• [Exercise] Which lines in the records below mention the word "Chapter"? Copy each one out.

+++ Entries supplied +++

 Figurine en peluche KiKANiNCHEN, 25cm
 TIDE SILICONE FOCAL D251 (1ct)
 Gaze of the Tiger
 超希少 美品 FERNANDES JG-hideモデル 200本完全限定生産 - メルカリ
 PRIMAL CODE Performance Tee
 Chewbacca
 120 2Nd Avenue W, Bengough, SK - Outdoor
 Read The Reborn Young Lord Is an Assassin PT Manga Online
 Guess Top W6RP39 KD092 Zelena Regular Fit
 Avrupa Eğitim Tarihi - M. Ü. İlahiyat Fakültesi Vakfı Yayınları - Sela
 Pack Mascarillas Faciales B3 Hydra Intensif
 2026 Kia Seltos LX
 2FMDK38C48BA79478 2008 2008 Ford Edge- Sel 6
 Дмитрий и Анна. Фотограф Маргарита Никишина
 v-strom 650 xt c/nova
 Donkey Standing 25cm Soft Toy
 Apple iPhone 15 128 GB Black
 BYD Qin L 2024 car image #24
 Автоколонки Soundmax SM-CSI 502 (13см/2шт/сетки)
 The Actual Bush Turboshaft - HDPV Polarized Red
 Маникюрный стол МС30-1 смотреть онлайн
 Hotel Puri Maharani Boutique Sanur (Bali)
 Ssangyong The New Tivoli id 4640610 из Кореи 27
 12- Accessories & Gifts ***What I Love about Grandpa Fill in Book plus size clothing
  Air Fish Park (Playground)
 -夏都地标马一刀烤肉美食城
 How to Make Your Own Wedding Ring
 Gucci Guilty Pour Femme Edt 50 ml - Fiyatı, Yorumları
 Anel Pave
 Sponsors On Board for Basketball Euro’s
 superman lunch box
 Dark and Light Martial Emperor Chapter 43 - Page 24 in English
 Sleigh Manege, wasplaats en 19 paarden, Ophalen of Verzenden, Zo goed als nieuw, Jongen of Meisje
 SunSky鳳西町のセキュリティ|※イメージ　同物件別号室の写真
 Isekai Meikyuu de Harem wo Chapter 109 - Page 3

+++

• [Exercise solution]
 Dark and Light Martial Emperor Chapter 43 - Page 24 in English
 Isekai Meikyuu de Harem wo Chapter 109 - Page 3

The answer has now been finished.